Whatever his source, Mahler’s sixth is the most thematically united of his symphonies, with three of the
four movements in A minor and unified by a repeated motif of a major triad moving to minor. The first
movement, marked Allegro energico, ma non troppo, begins ominously with a crescendoing, tramping
march that permeates the movement. This evolves into a fervent second subject, whose melody, Alma Mahler
writes in her biography, represented her. The development segues to quiet, mysterious chords in the divided
violins and celesta, answered by the distant rattling of offstage cowbells. (Mahler brought a special set
of cowbells for use at each venue where he per-formed the symphony.) The composer described this section
as “the last greeting from earth to penetrate the remote solitude of the mountain peaks.” We do not tarry
long in the mountains, however, and both the march and the “Alma” theme return in the recapitulation,
the movement ending with a triumphant statement of Alma’s melody.
Mahler changed his mind several times about the order of the second and third movements. Although in
his own public performances and in the second published edition he placed the andante before the scherzo,
Mahler’s autograph and the first pub-lished edition place the scherzo before the andante, and he is said
to have wished his original order restored in later years.
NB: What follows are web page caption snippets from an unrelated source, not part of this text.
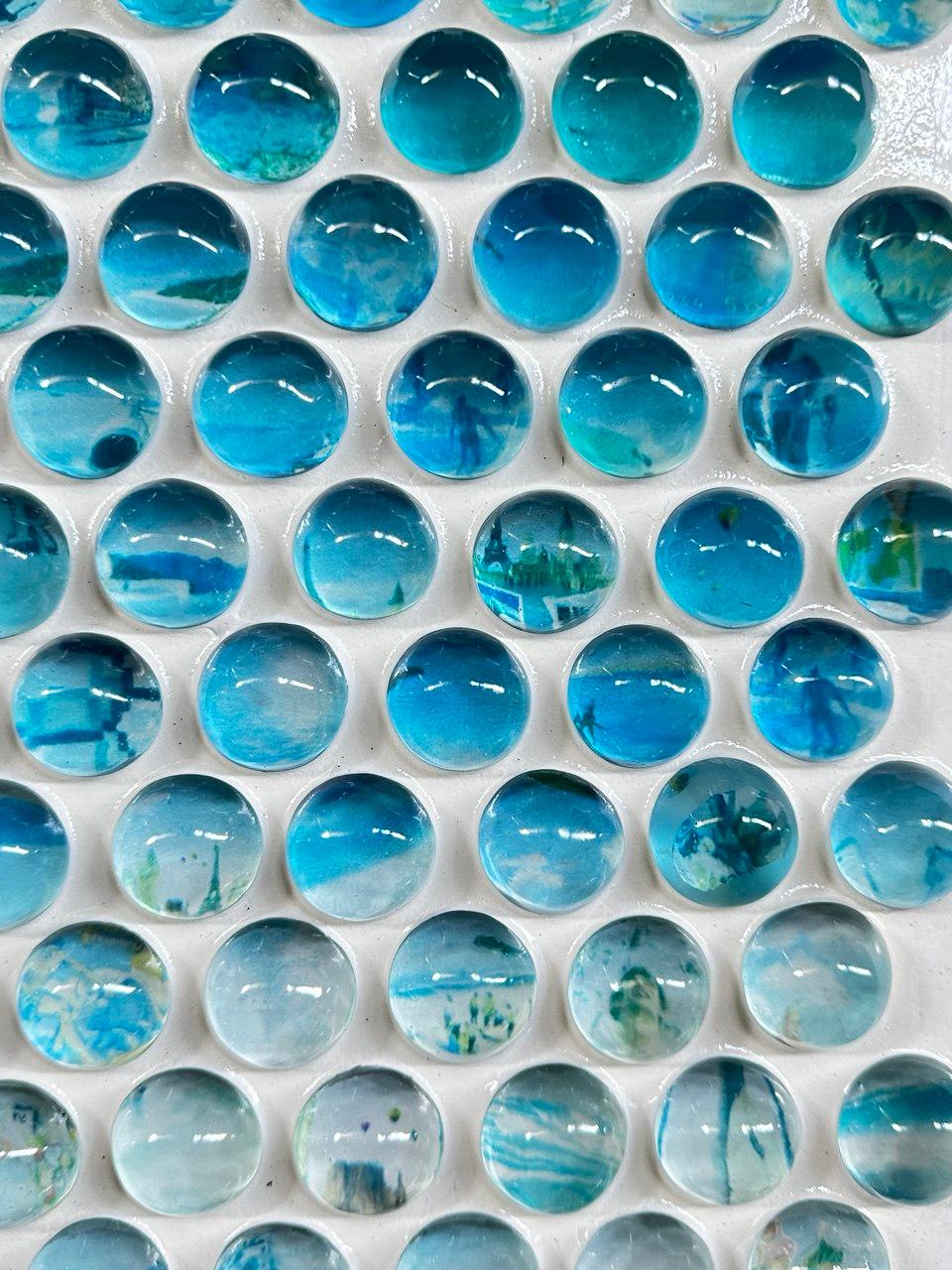 Iconico ritratto pop art blu costiero Paradise di Nemo Jantzen in vendita 15
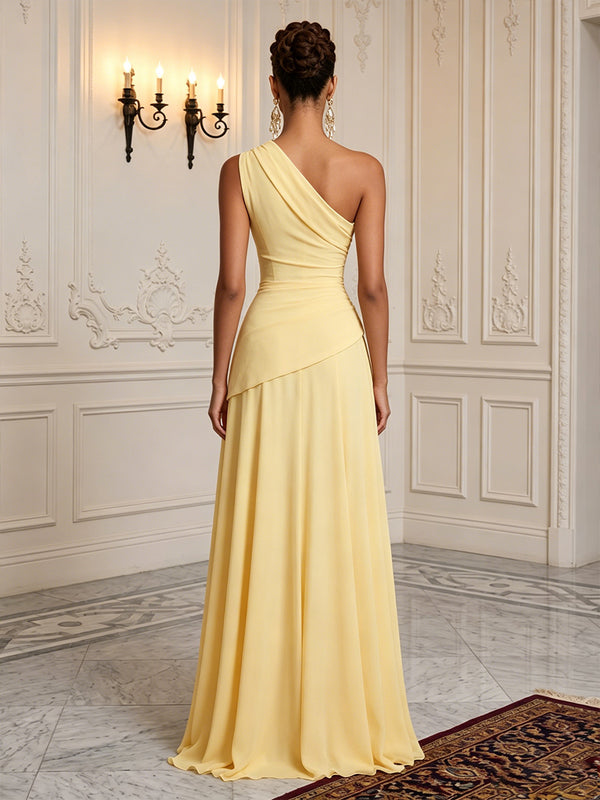 Chiffon A-Line/Princess One Shoulder Floor-Length Formal Dresses with Pleats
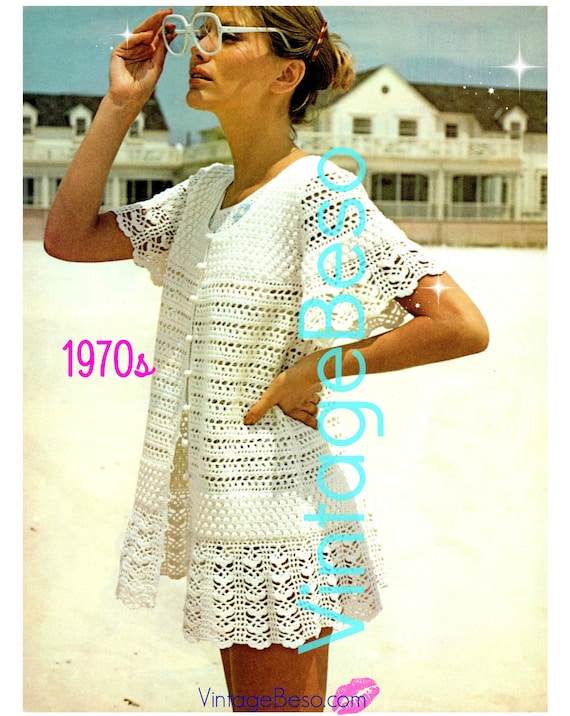 CoverUp Crochet PATTERN • Vintage 1970s Baby Doll Dress Lacy Beach Coat Party Club Festival Summer Holiday Jacket • Watermarked PDF Only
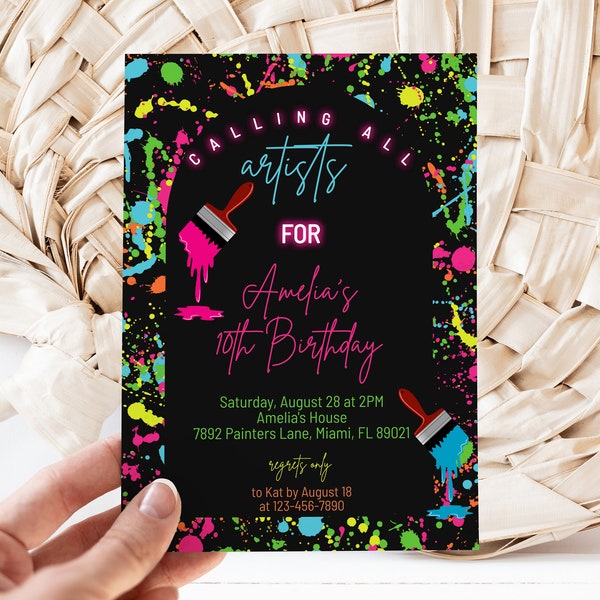 Paint Party Invitation, Neon Paint Party Birthday Invite, Art Party Invitation, Instant Download, Editable, Colorful Birthday Invitation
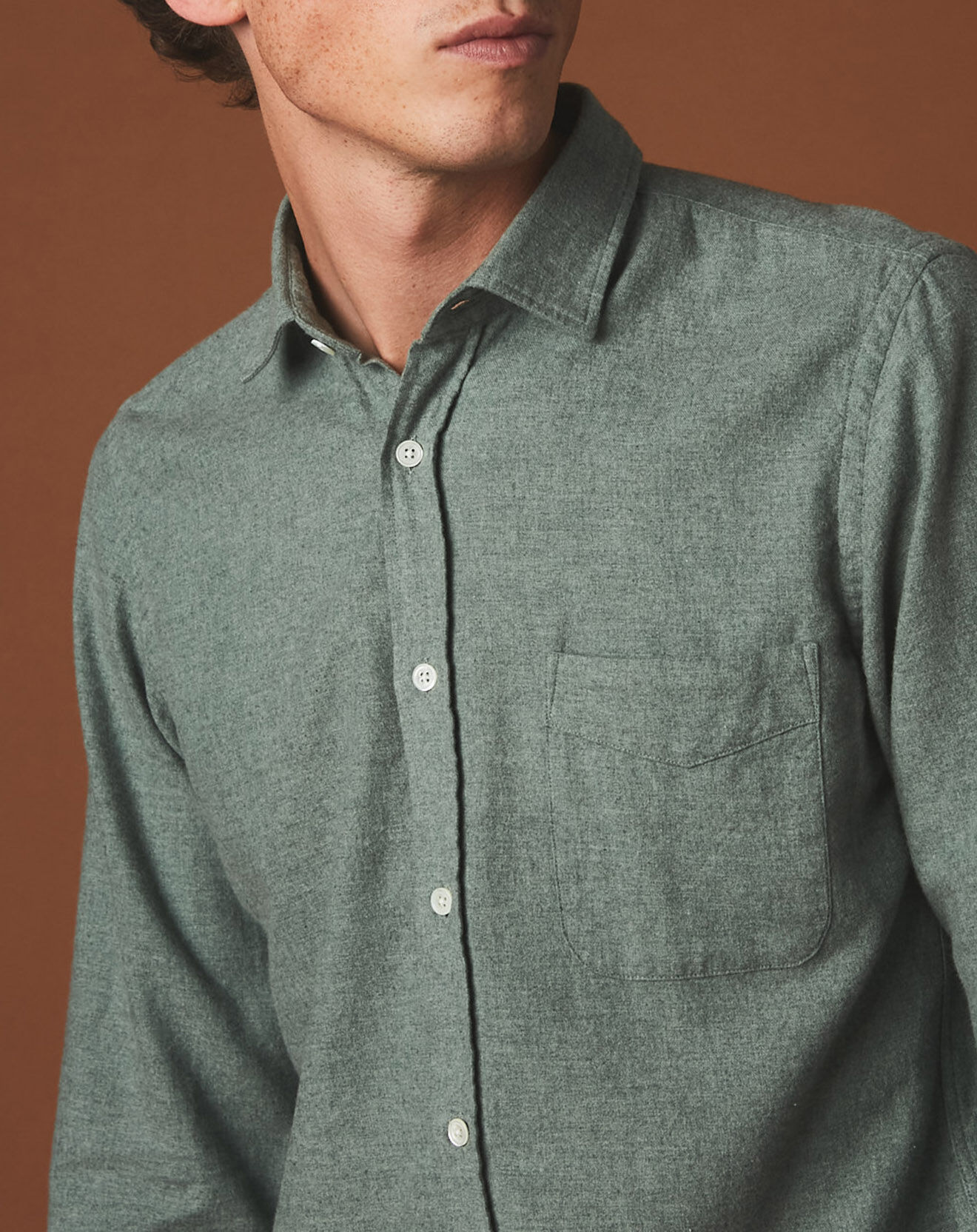 Hartford Chemise en Flanelle slim Storm amande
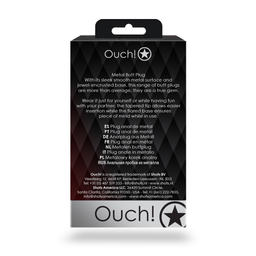 Ouch! by shots Ronde Edelsteen Butt Plug - Medium - Zilver/Ruby Rood (8714273533609)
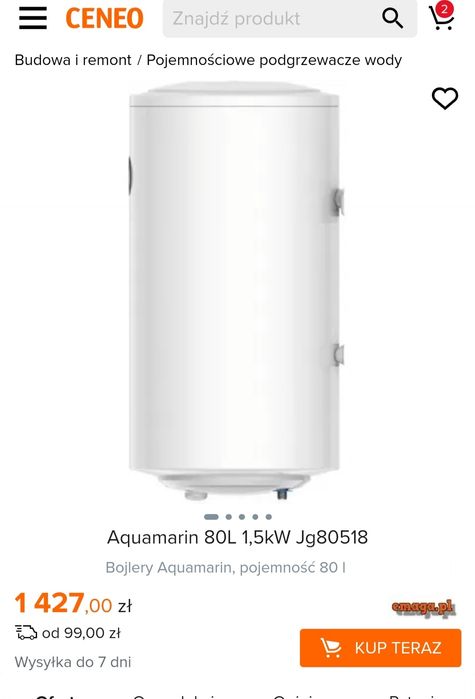 Bojler 80 L nowy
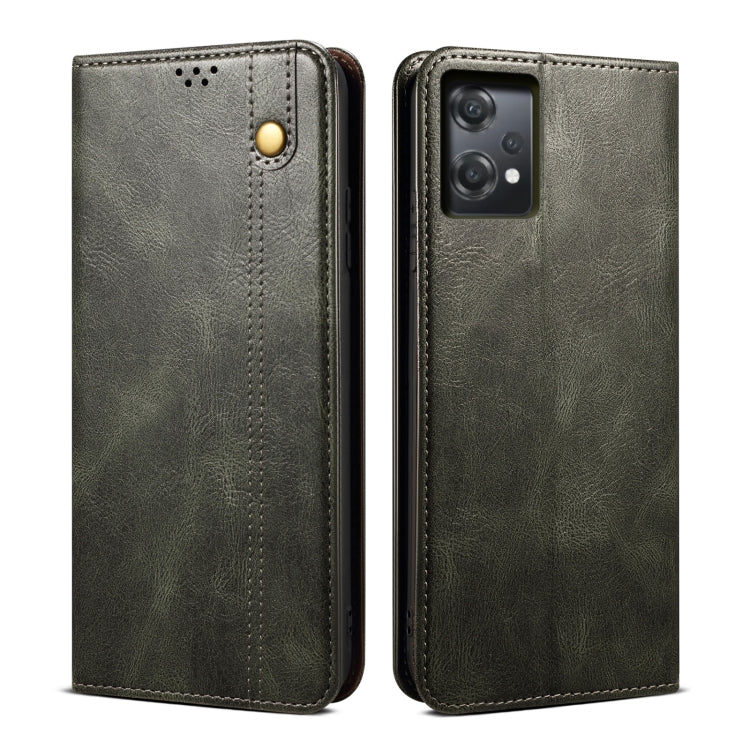 Oil wax leather phone case, dark green, textured leather, camera opening and flap detail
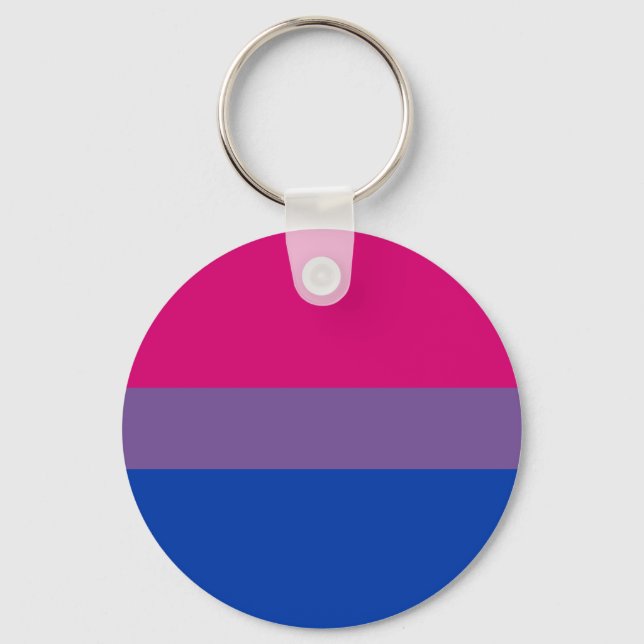 Bisexual LGBT Pride Rainbow Flag Key Ring (Front)
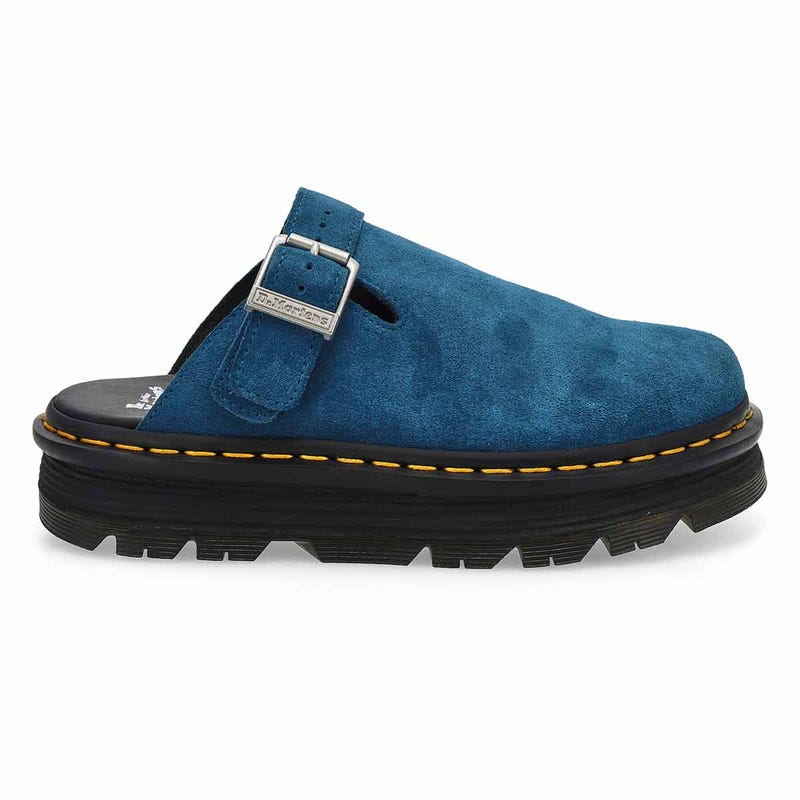 Unisex Zebzag Mule Suede Casual Clog - Neptune Blue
It is in this order, scherzo followed by andante,
that the symphony is generally presented, as it is in today’s concert.
The Scherzo seems to pick up where the march of the first movement left off, but the A-minor theme
is now transformed into a stamping dance with braying woodwinds. The quick dance is interrupted twice by a
trio full of rhythmic irregularities, which Alma Mahler described as the “play of little children,” and
which the composer marked Altväterisch: old-fashioned. These interludes fade, however, as if the innocent
play of children is unable to halt the sardonic dance of fate.
The third movement, Andante moderato, is the only respite from the driving A minor, presenting a
calming, melodic theme in E-flat major with a soaring counter-melody in the violins. The theme is passed
from woodwinds to brass to strings in the re-statement, and the movement climaxes in a luminous E major
with the cowbells heard again in the distance.
We are interrupted from this reverie to meet our fate in the Finale, the longest and weightiest of
the movements. A low C with swirls of celesta and harp glissandos is followed by impassioned phrases from
the strings and then a chilling, blaring chord from the brass that returns to a low A. The A-major to
A-minor motif from the previous movements has returned, with marching tunes attempting a confident major
but each time struck down, this time literally with hammer blows that Mahler wanted to sound “like the
stroke of an ax.” (He originally scored three of these blows, but in his final revision removed the third
blow.) The movement ends with fragments of funereal tunes in the lowest brass over a long drum roll, a
blast of the A-minor chord, and the last grim beats of the timpani. Fate has overcome our hero, and Mahler
offers no vision of resurrection or hope – we must face our doom alone, without comfort.